**Exercise**
Write out, word for word, only the data from its first line to the line containing "Saint-Aubin to Andresy map".

══ Dataset entries ══

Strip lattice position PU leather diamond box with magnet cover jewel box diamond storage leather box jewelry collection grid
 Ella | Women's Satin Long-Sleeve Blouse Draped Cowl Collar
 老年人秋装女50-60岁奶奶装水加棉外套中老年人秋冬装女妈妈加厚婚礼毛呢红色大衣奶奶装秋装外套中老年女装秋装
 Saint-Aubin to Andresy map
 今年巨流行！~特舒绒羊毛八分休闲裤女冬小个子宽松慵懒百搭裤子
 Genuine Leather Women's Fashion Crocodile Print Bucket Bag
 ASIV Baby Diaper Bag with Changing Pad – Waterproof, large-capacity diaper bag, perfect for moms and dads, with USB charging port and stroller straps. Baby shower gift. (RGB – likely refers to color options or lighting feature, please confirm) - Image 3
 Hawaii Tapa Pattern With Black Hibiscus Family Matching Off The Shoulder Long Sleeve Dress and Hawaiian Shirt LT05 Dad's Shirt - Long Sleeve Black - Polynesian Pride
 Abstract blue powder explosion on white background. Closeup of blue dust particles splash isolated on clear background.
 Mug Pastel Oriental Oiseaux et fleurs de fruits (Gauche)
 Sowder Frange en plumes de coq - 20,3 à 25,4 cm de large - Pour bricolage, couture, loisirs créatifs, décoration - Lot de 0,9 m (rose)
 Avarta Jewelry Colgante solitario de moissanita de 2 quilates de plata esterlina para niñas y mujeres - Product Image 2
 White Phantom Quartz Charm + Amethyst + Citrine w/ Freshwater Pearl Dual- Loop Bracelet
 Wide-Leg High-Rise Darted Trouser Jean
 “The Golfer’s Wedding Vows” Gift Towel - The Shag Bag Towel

═══

**Exercise output**
Strip lattice position PU leather diamond box with magnet cover jewel box diamond storage leather box jewelry collection grid
 Ella | Women's Satin Long-Sleeve Blouse Draped Cowl Collar
 老年人秋装女50-60岁奶奶装水加棉外套中老年人秋冬装女妈妈加厚婚礼毛呢红色大衣奶奶装秋装外套中老年女装秋装
 Saint-Aubin to Andresy map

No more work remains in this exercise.